Copy each entry precisely as written, and do not carry over the pictures.
--- THE INPUT Enclosed Below ---
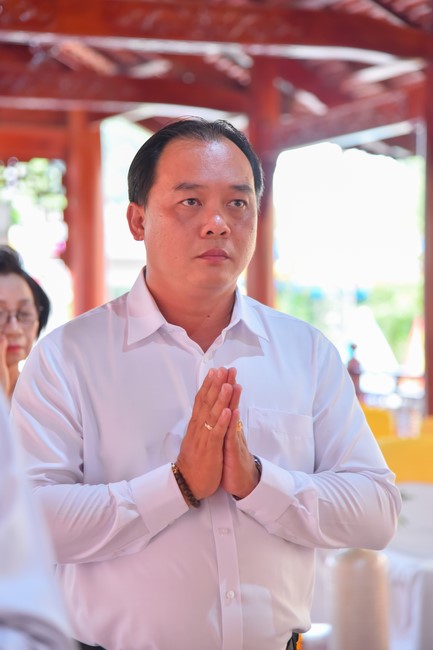 Wedding Ceremony at the pagoda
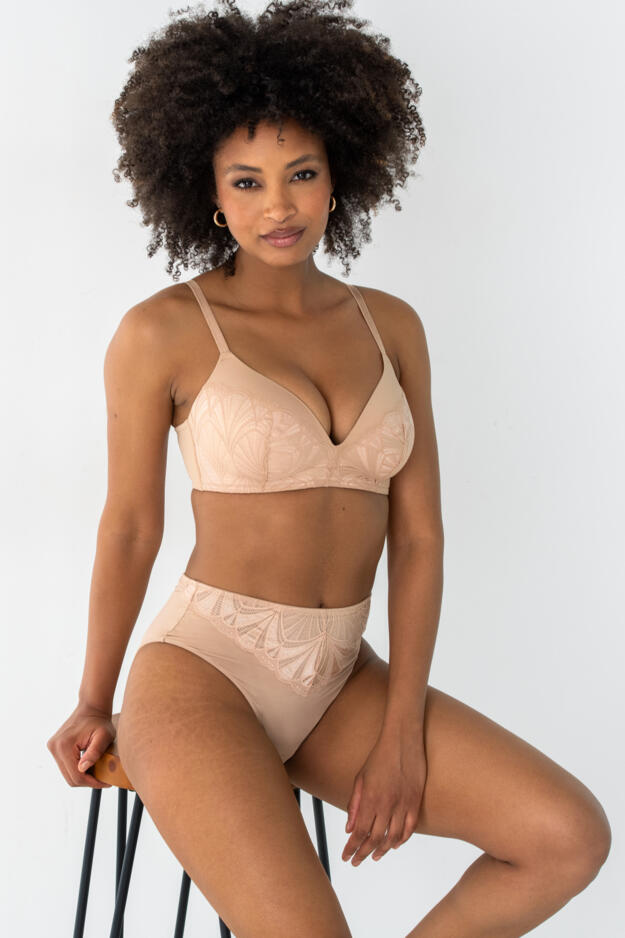 New Romance Padded Non-Wired T-Shirt Bra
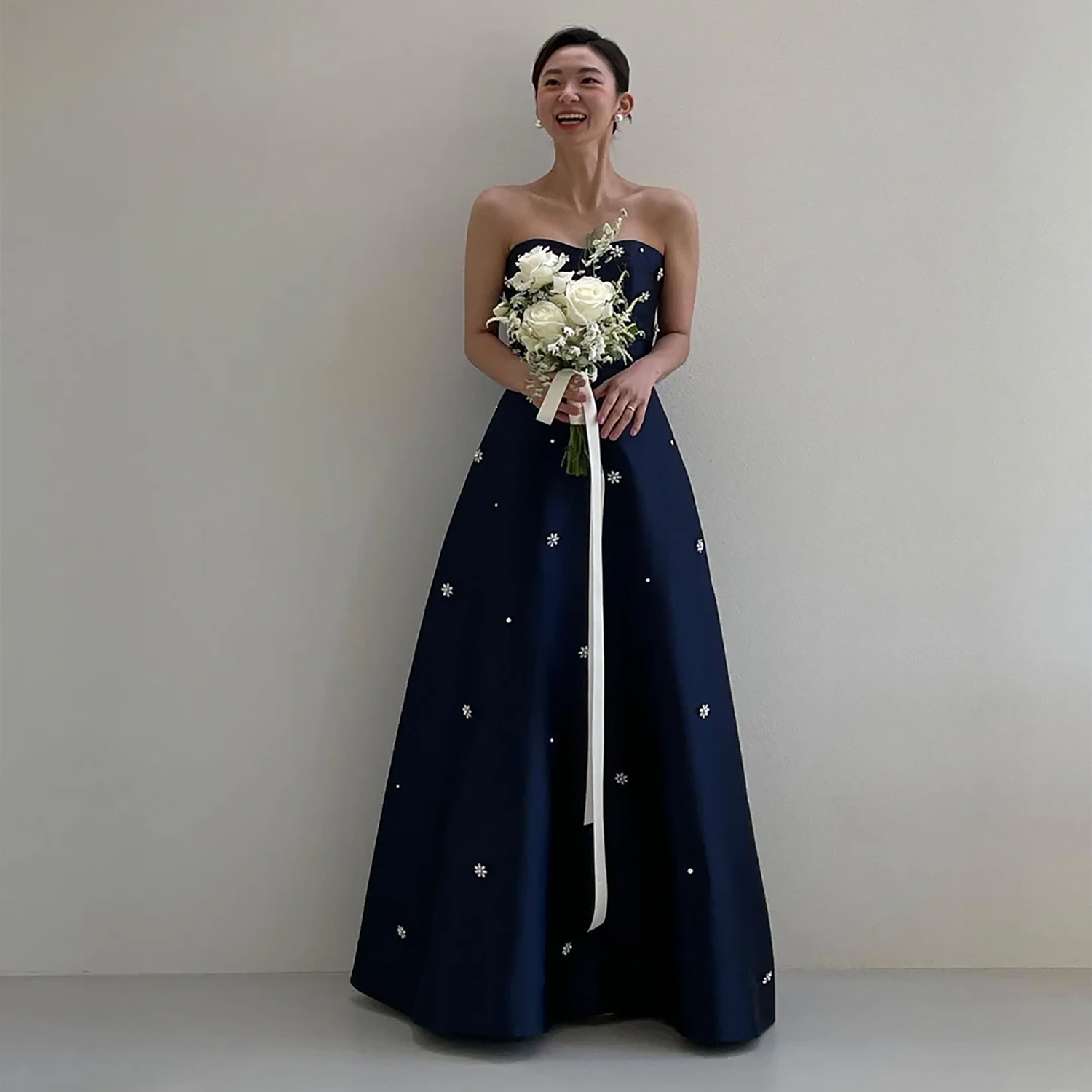 https://fulmo-img-server.com/dresscode-dresscode/b29780c8-1c80-4d74-8adb-8f4e6b75af6f.jpg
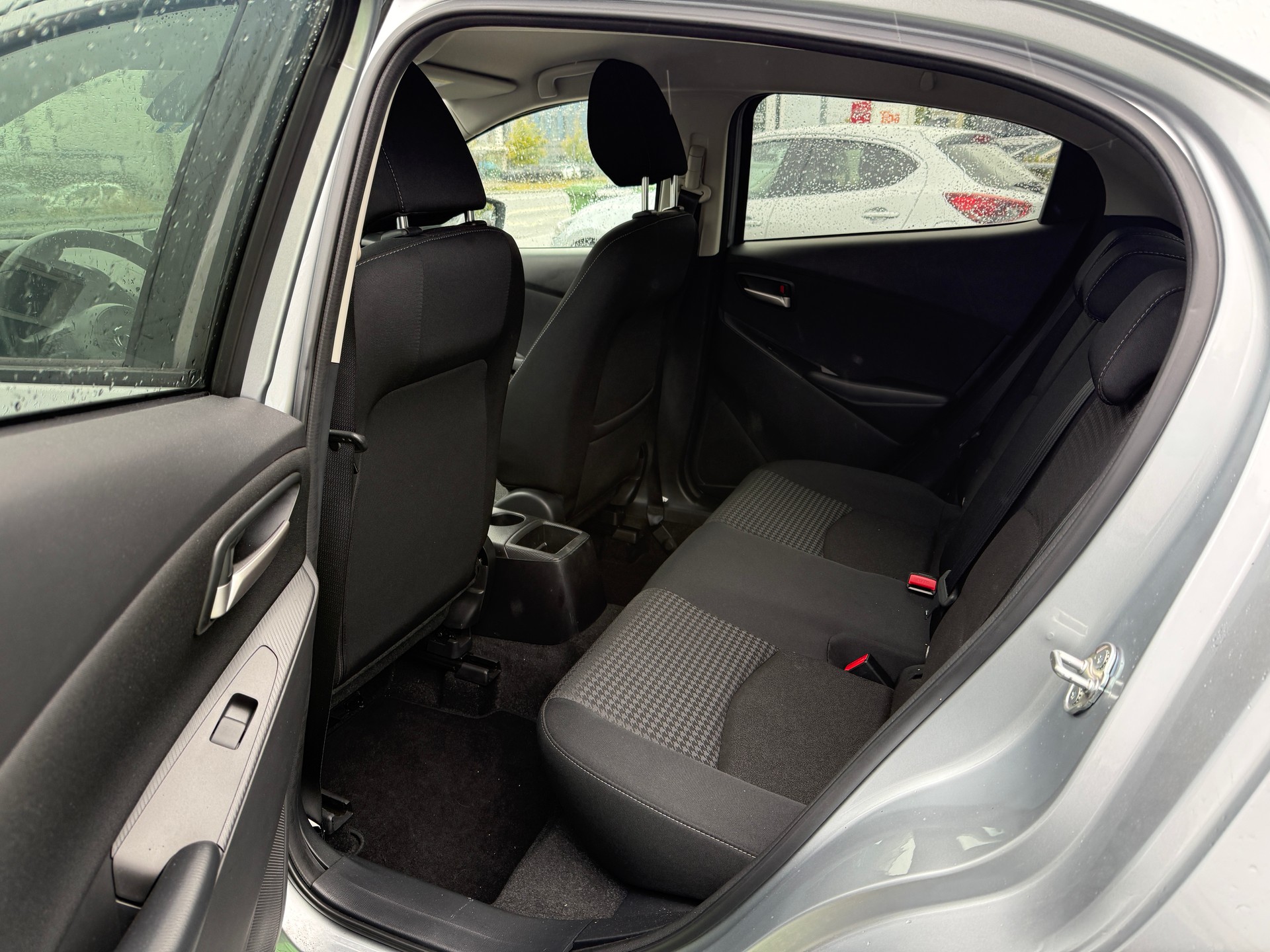 MAZDA 2 SKYACTIV-G 90 Ambition Plus Automat - Rabais des Taxes des Plaques annuelles 60% = 134,05 annuel-image-24
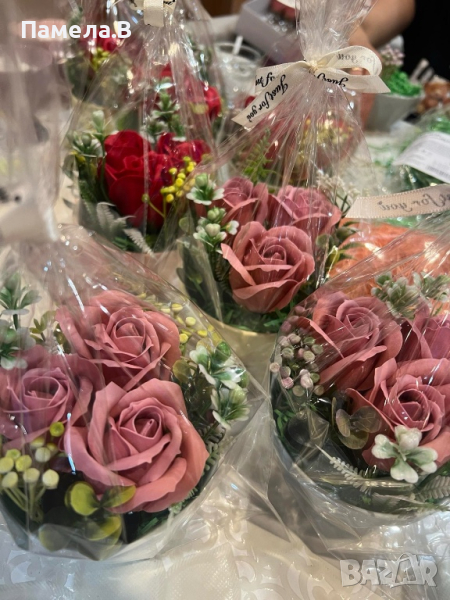 Подарък за всеки повод 🎁 От ароматни сапунени рози 💐, снимка 1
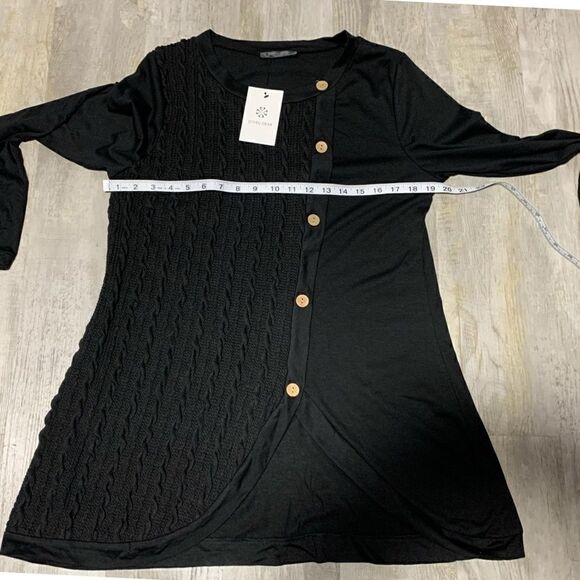 NWT LOVEU.DEAR split knit button tunic - Picture 10 of 15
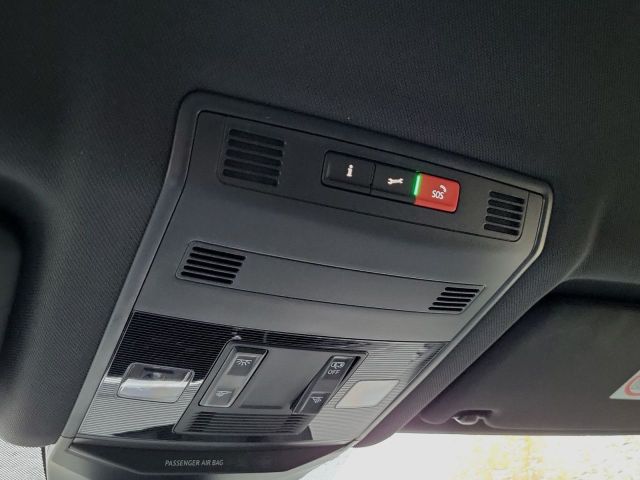 T-ROC 1.5TSI R-Line Aut. Navi AHK Kamera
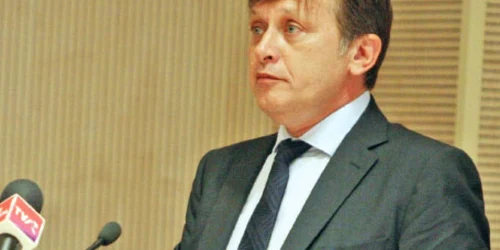 Crin Antonescu, acuzat de PSD că încearcă apropierea de PDL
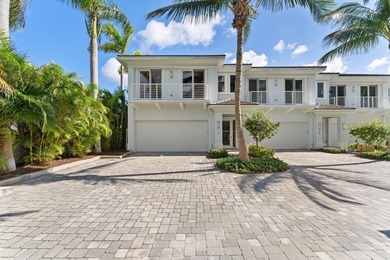 Move-in ready, this waterfront corner villa offers VIEWS - photo 17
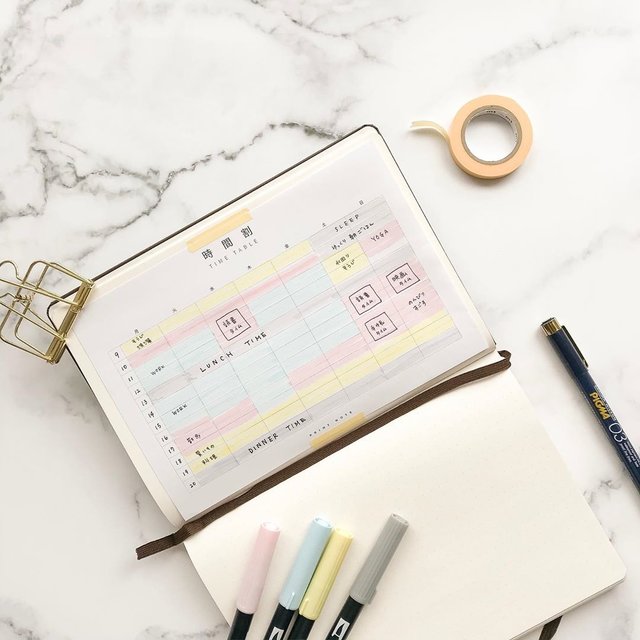 my 5days on Instagram: “家で過ごす時間が長くなって、生活のリズムが乱れがち。 そんな時は「時間割表」を作ってみてはいかがでしょうか？  曜日と時間ごとにやることを決めてしまって 規則正しい生活を送りましょう♪  もちろん、ノートに自分で表を作ってもOKですが それはちょっと面倒だな、という場合は…” (124642)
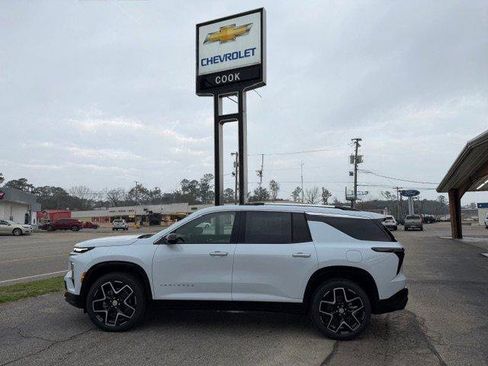 New 2026 Chevrolet Traverse High Country FWD image 1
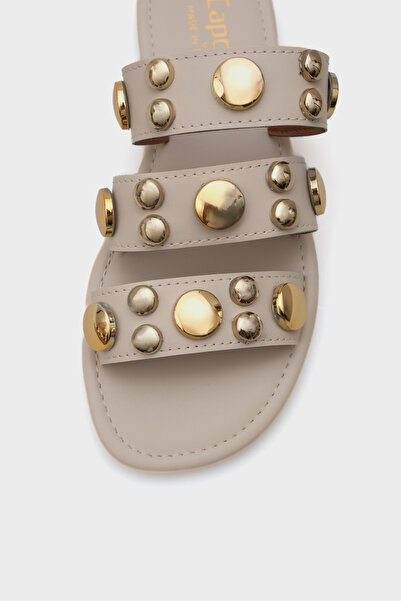 Capone Outfitters Γυναικείες παντόφλες Kate Banded Metal Accessories με ίσιο τακούνι και στρογγυλή μύτη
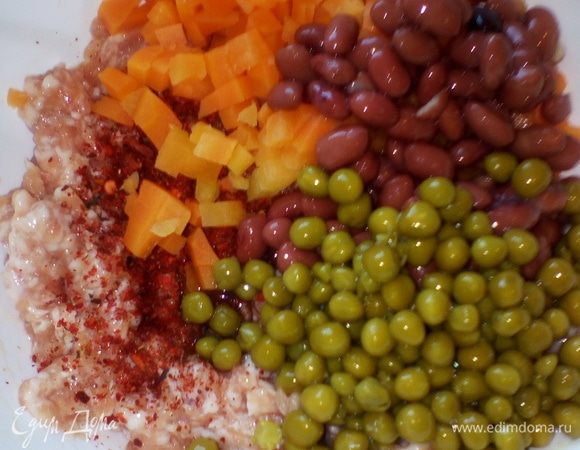 Фарш взбить, посолить, поперчить, добавить 3 ст. л. молока (если фарш окажется несочным). Соединить с яйцами, овощами, специями и перемешать.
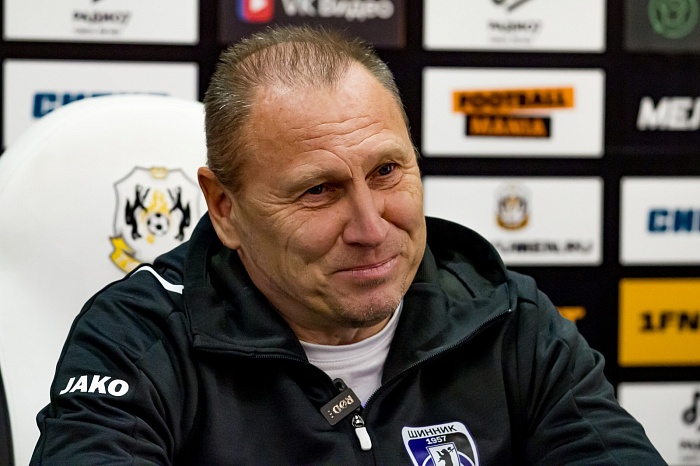 Главный тренер футбольного клуба «Шинник» Дмитрий Черышев: «Понимали, что у соперника могут возникнуть проблемы, если забрасывать мячи за спину защитникам, так и получилось»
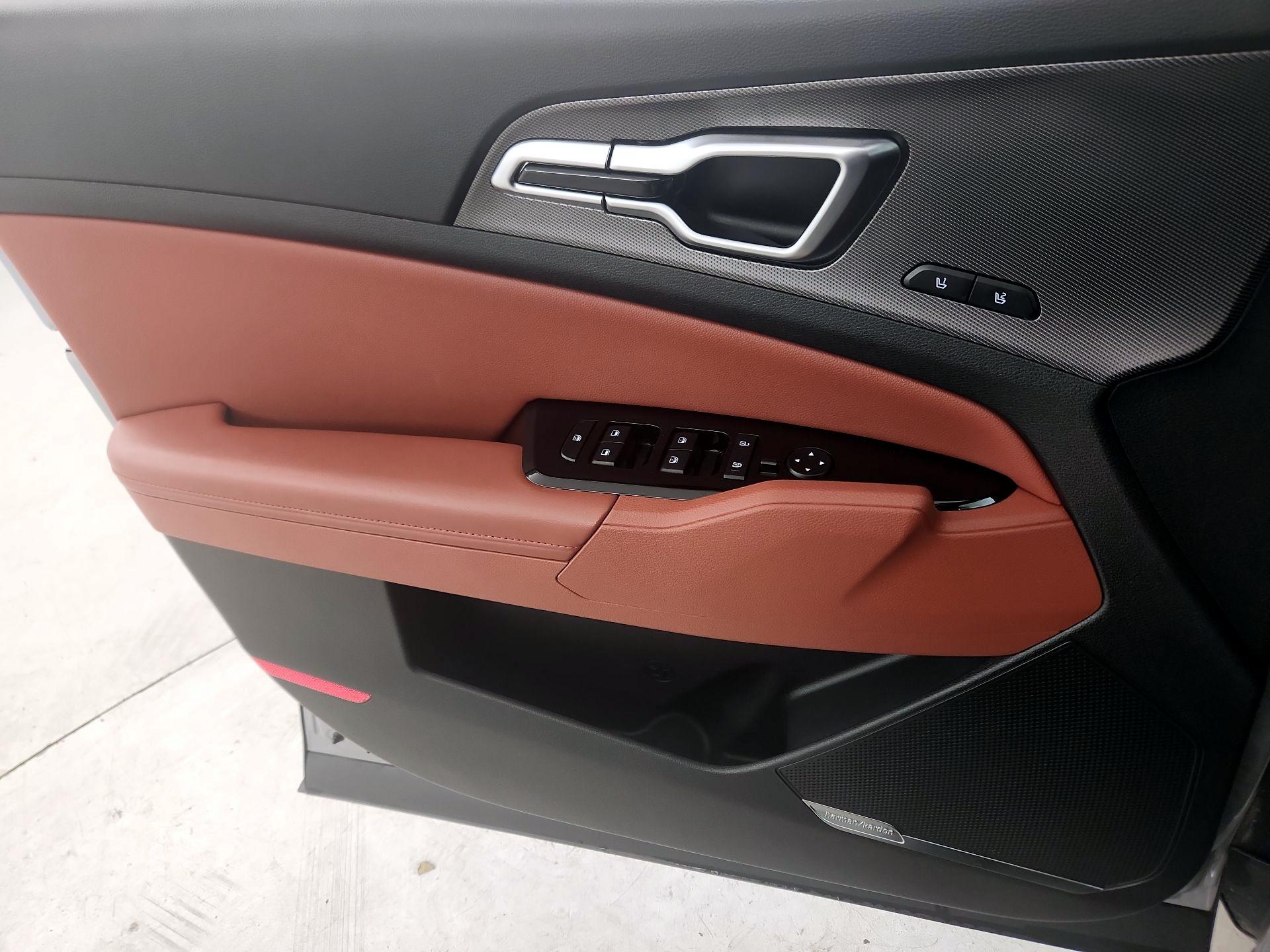 Thumbnail: 2024 Kia Sportage - 12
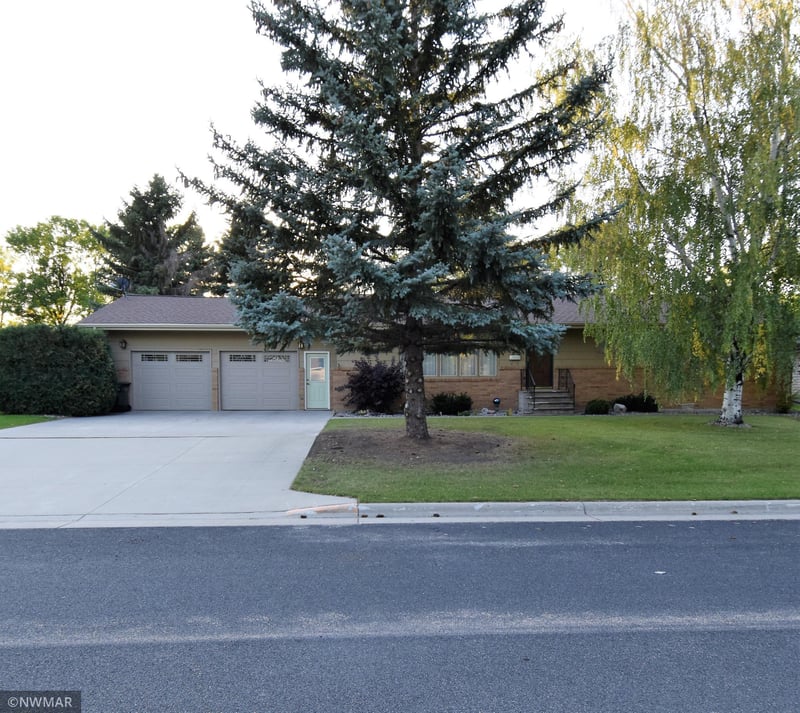 171 S 6th St, Warren, MN 56762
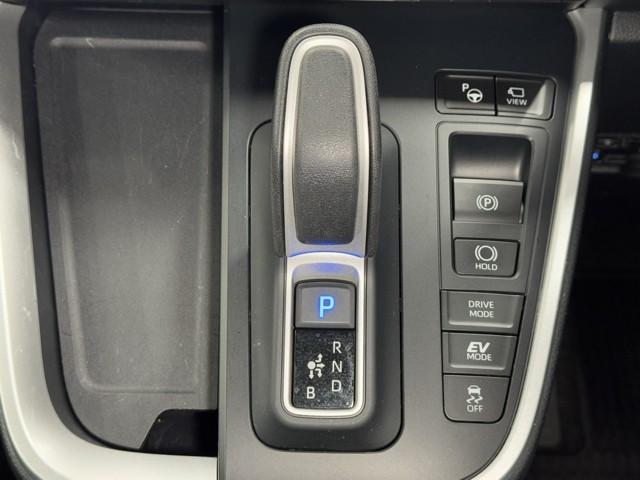 ノア ハイブリッドＳ－Ｇ　地デジフルセグＴＶ　ＡＣ１００Ｖ電源　ナビ＆ＴＶ　左右パワースライドドア　リアエアコン　アルミホイール　盗難防止装置　ＬＥＤランプ　横滑り防止　クルーズコントロール　バックモニター　スマートキー（12枚目）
--- End of Enclosed THE INPUT ---
ANSWER TO THE PROBLEM.
 Wedding Ceremony at the pagoda
 New Romance Padded Non-Wired T-Shirt Bra
 https://fulmo-img-server.com/dresscode-dresscode/b29780c8-1c80-4d74-8adb-8f4e6b75af6f.jpg
 MAZDA 2 SKYACTIV-G 90 Ambition Plus Automat - Rabais des Taxes des Plaques annuelles 60% = 134,05 annuel-image-24
 Подарък за всеки повод 🎁 От ароматни сапунени рози 💐, снимка 1
 NWT LOVEU.DEAR split knit button tunic - Picture 10 of 15
 T-ROC 1.5TSI R-Line Aut. Navi AHK Kamera
 Crin Antonescu, acuzat de PSD că încearcă apropierea de PDL
 Move-in ready, this waterfront corner villa offers VIEWS - photo 17
 my 5days on Instagram: “家で過ごす時間が長くなって、生活のリズムが乱れがち。 そんな時は「時間割表」を作ってみてはいかがでしょうか？  曜日と時間ごとにやることを決めてしまって 規則正しい生活を送りましょう♪  もちろん、ノートに自分で表を作ってもOKですが それはちょっと面倒だな、という場合は…” (124642)
 New 2026 Chevrolet Traverse High Country FWD image 1
 Capone Outfitters Γυναικείες παντόφλες Kate Banded Metal Accessories με ίσιο τακούνι και στρογγυλή μύτη
 Фарш взбить, посолить, поперчить, добавить 3 ст. л. молока (если фарш окажется несочным). Соединить с яйцами, овощами, специями и перемешать.
 Главный тренер футбольного клуба «Шинник» Дмитрий Черышев: «Понимали, что у соперника могут возникнуть проблемы, если забрасывать мячи за спину защитникам, так и получилось»
 Thumbnail: 2024 Kia Sportage - 12
 171 S 6th St, Warren, MN 56762
 ノア ハイブリッドＳ－Ｇ　地デジフルセグＴＶ　ＡＣ１００Ｖ電源　ナビ＆ＴＶ　左右パワースライドドア　リアエアコン　アルミホイール　盗難防止装置　ＬＥＤランプ　横滑り防止　クルーズコントロール　バックモニター　スマートキー（12枚目）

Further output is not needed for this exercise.